Однако автор передовицы спохватывается: ведь опасно высказывать порицания государству. Он направляет поэтому свои упрёки по адресу представителей власти, его обвинение, направленное против свободы печати, принимает форму обвинения против цензоров. Он обвиняет цензоров в том, что цензура применялась ими «слишком слабо».

«Достойная порицания мягкость, правда, не со стороны государства, а со стороны «отдельных представителей власти», проявлялась до сих пор в том, что позволяли новейшей философской школе самые недостойные выпады против христианства — как на страницах газет, так и в других изданиях, предназначенных не только для узкого круга учёных людей».

Автор снова делает паузу — и снова спохватывается. Всего только дней восемь назад он находил, что свобода цензуры оставляет мало места для свободы печати, теперь же он находит, что в угнетении печати цензорами слишком мало цензурного гнёта.

Надо как-нибудь выпутаться из этого противоречия.

«Пока ещё существует цензура, её настоятельнейший долг — вырезывать те отвратительные наросты мальчишеского бесчинства, которые в последние дни так часто оскорбляли наш глаз».

Слабые глаза! Слабые глаза! И «самый слабый глаз будет оскорблён выражением, которое может быть рассчитано только на уровень понимания широкой массы».
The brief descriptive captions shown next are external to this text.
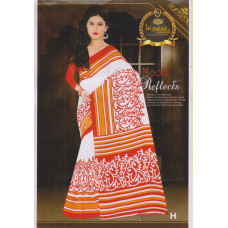 Multicolored Printed Silk Blend Saree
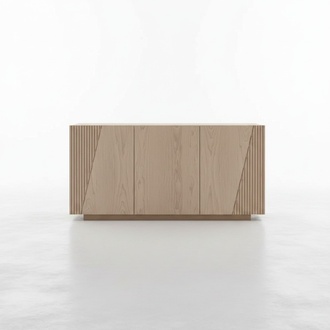 Sideboard 3 doors brown new living room style modern luxury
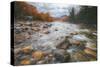 Autumn River Flow at Lincoln, New Hampshire-Vincent James-Stretched Canvas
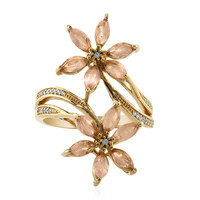 Bague en argent et Quartz rose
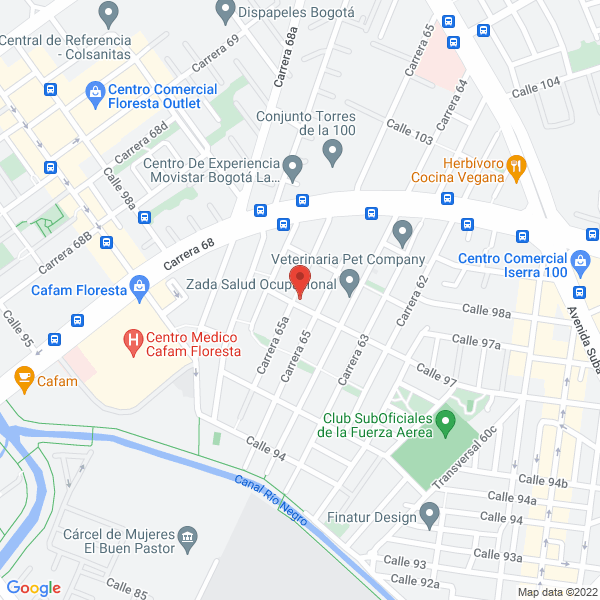 Mapa de Dt Medical S.A.S.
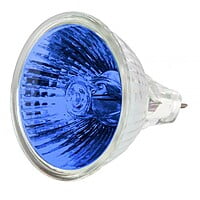 Lámpara de halógeno MR16, 50 W, azul, Volteck - JR-50Z / 47249 Lámpara de halógeno MR16, 50 W, azul, Volteck - JR-50Z / 47249
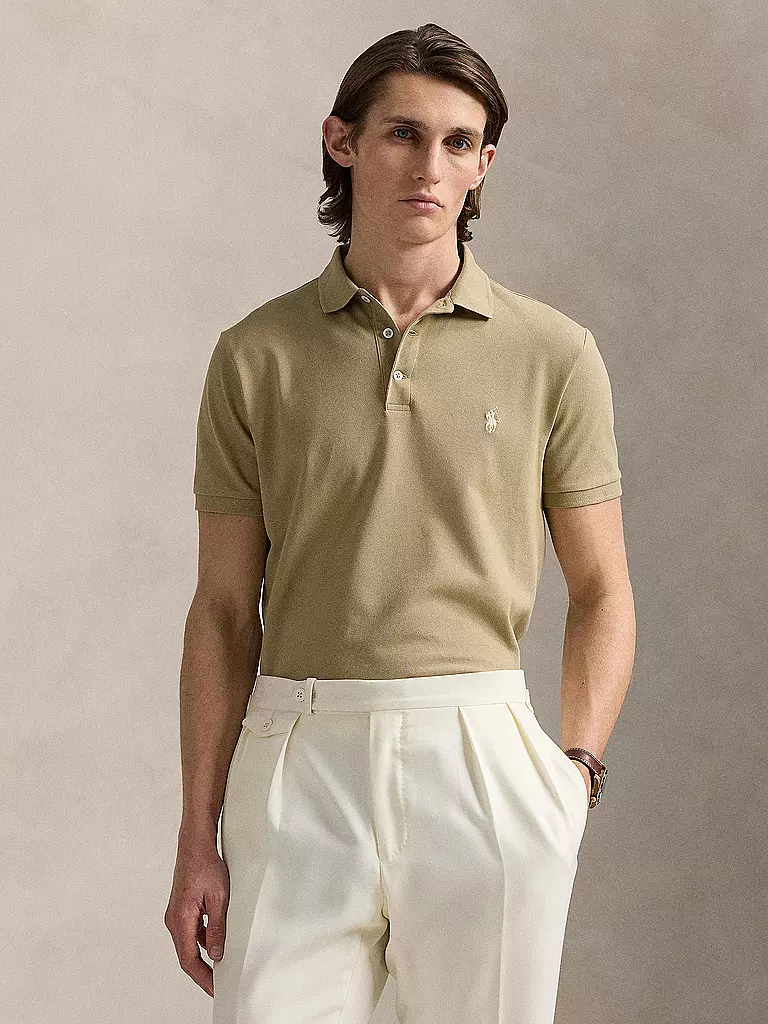 POLO RALPH LAUREN | Poloshirt Custom Slim Fit | Marrón claro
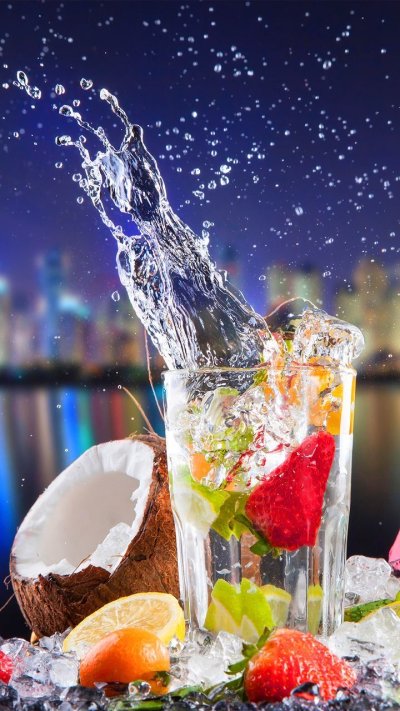 Коктейль с фруктами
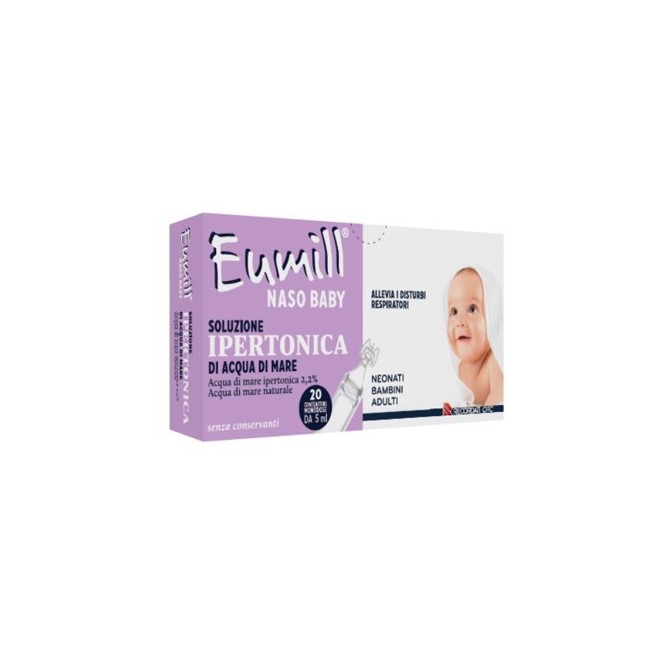 Eumill Naso Baby Soluzione Ipertonica 20 Contenitori Monodose 5 Ml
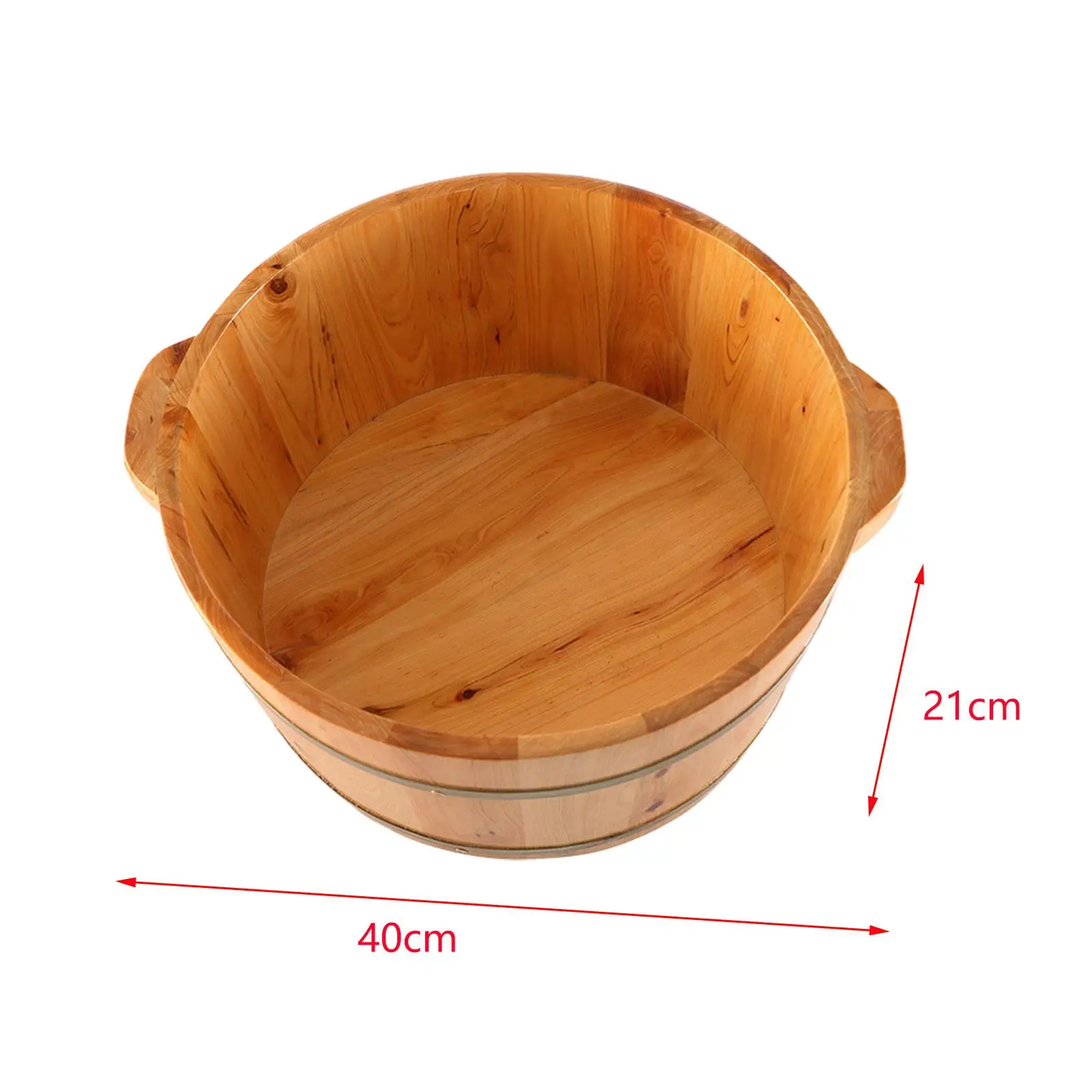 Foot Basin Wood Foot Bath Basin for Home Foot SPA Bathroom Mother\'s Day Gift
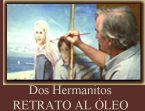 Retrato al óleo de "Dos Hermanitos"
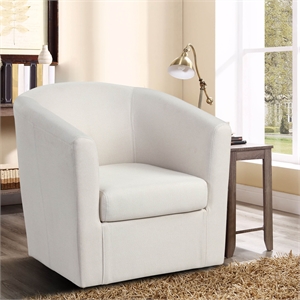lifestyle solutions shelton swivel tub chair in beige fabric upholstery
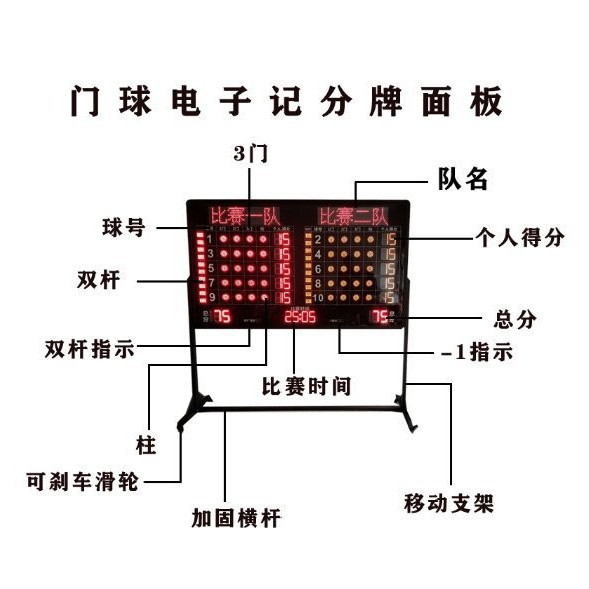电子记分牌篮球排球乒乓球多功能记分牌比赛用门球电子记分牌拨分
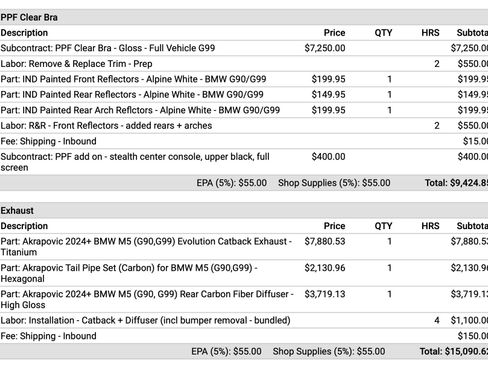 Used 2025 BMW M5 Touring w/ M Driver's Package image 11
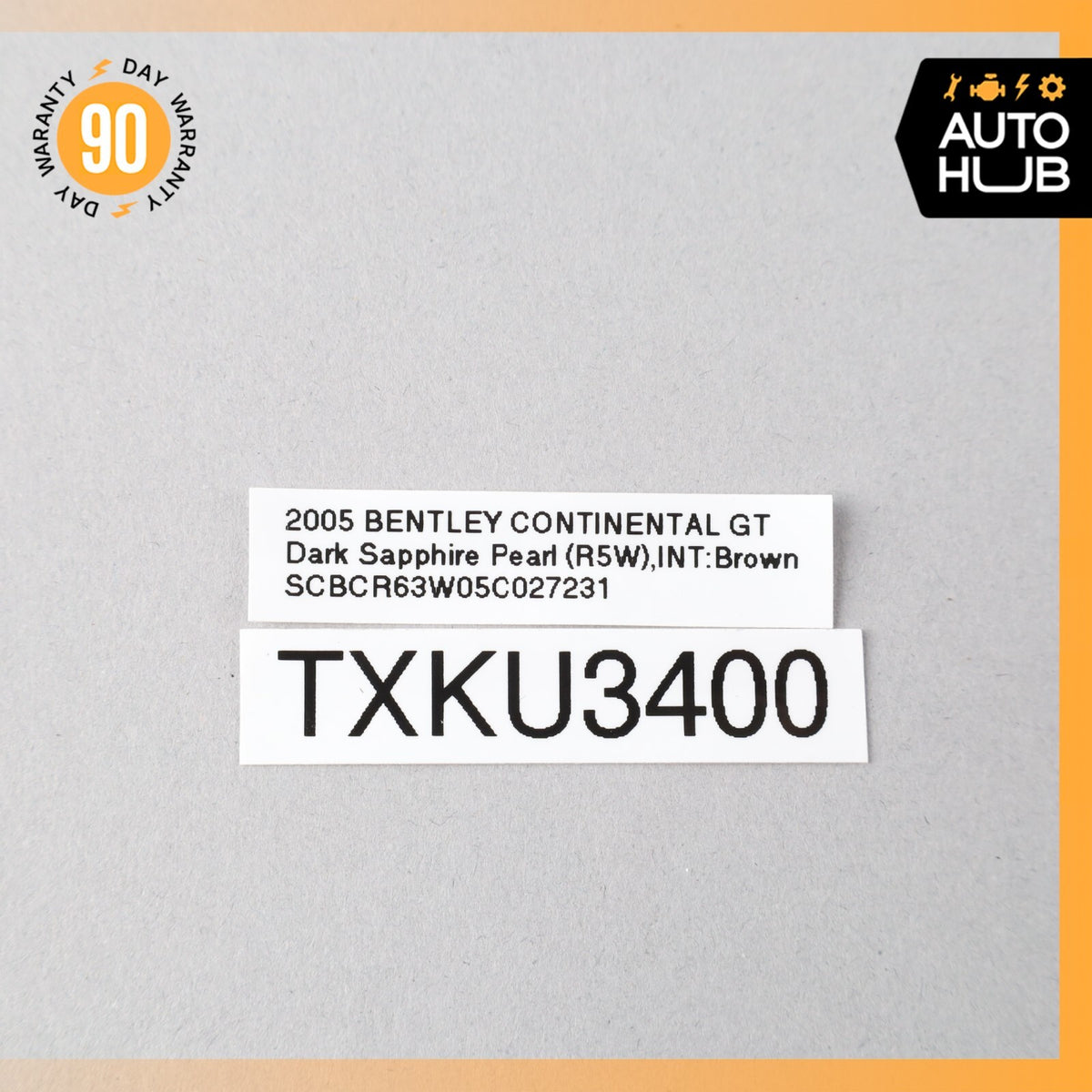 03-12 Bentley Continental GT Flying Spur GTC Climate Temperature Sensor OEM 53k - photo 11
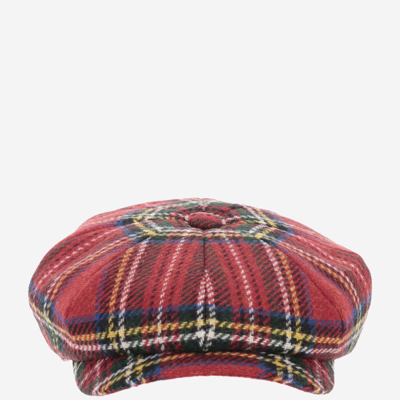 Stetson Wool Cap With Check Pattern In Red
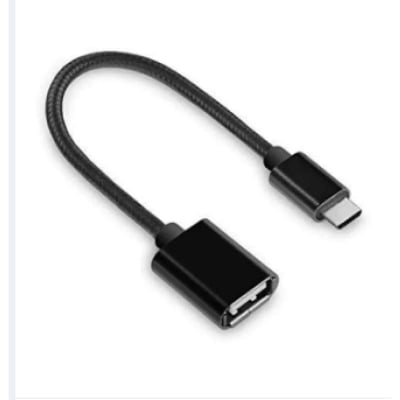Picture of Type C OTG USB Adapter , USB-C to USB 3.0 OTG Adapter Type C Male to USB Female Adapter for all SmartPhone etc-Black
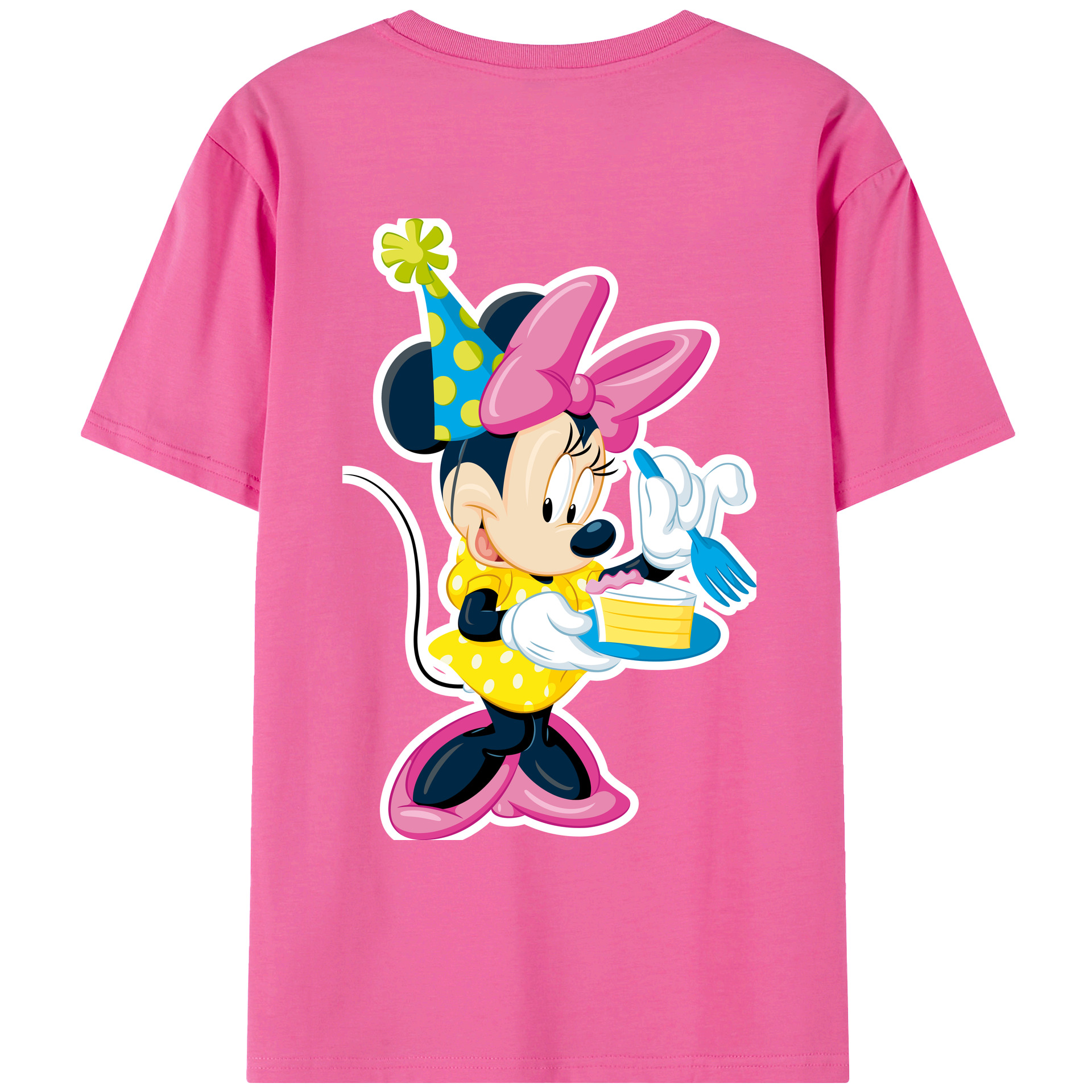 （画像用） ミッキーマウス Mickey Mouse レディース半袖Tシャツ(バックプリント)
Если одно уже смягчение общей цензуры даёт возможность появиться отвратительным наростам, то разве не в большей ещё мере будет способствовать этому свобода печати? Если наши глаза настолько слабы, что они не выносят вида «бесчинств» подцензурной печати, то каким же образом они станут настолько сильными, чтобы выносить «смелость»{39} свободной печати?

«Пока существует цензура, её настоятельнейший долг…». Ну, а если бы она перестала существовать, что тогда? Эта фраза должна быть понята так: настоятельнейший долг цензуры — продолжать существовать как можно дольше.

И автор снова спохватывается:

«Мы не призваны выступать в качестве публичного обвинителя, и мы поэтому отказываемся от более подробных указаний».

Что за ангельская доброта в этом человеке! Он отказывается от более конкретных «указаний», а ведь только совершенно конкретными, совершенно определёнными пояснениями он мог бы доказать и показать, чего он сам, собственно, хочет. Вместо этого он лишь произносит вполголоса, как бы вскользь, неясные слова с целью сеять подозрения. Он не призван выступать публичным обвинителем, а призван выступать только тайным обвинителем.

В конце концов, бедняга вспоминает, что его обязанность состоит ведь в том, чтобы писать либеральные передовицы и изображать из себя «лойяльного поборника свободы печати». Вот он и становится в позу такого поборника:

«Мы не могли подавить в себе протеста против такого образа действий, который, если не является просто следствием случайного упущения, не может иметь другой цели, как только дискредитировать в общественном мнении более свободное движение печати и дать таким образом козырь в руки противникам этой свободы, боящимся выступить с открытым забралом, чтобы не потерпеть неудачу».

Цензура, — поучает нас этот столь же смелый, сколь и остроумный защитник свободы печати, — если она только не является английским леопардом с надписью: «I sleep, wake me not!»{40}, пошла по этому «пагубному» пути, дабы скомпрометировать перед общественным мнением более свободное движение печати.

Разве надо ещё компрометировать такое движение печати, которое считает своим долгом обращать внимание цензуры на «случайные упущения», которое надеется, что «перочинный нож цензора» поддержит его реноме перед общественным мнением?

«Свободным» может быть названо такое движение лишь постольку, поскольку и вольность бесстыдства иногда именуется «свободой», а разве это не бесстыдство глупости и лицемерия — выдавать себя за поборника расширения свободы печати и одновременно с этим поучать нас, что пресса неминуемо свалится в канаву, как только её перестанут водить под руку два жандарма.

И к чему вся цензура, к чему все эти передовицы, если философская пресса сама себя компрометирует в глазах общественного мнения? Разумеется, автор ни в коем случае не хочет ограничения «свободы научного исследования».

«В наши дни научному исследованию предоставлено по праву самое широкое, самое неограниченное поприще».

Какое, однако, представление о научном исследовании имеет сей муж, это может показать следующее заявление:

«Необходимо проводить строгое различие между тем, чего требует свобода научного исследования, от которого само христианство может только выиграть, и тем, что лежит за пределами научного исследования».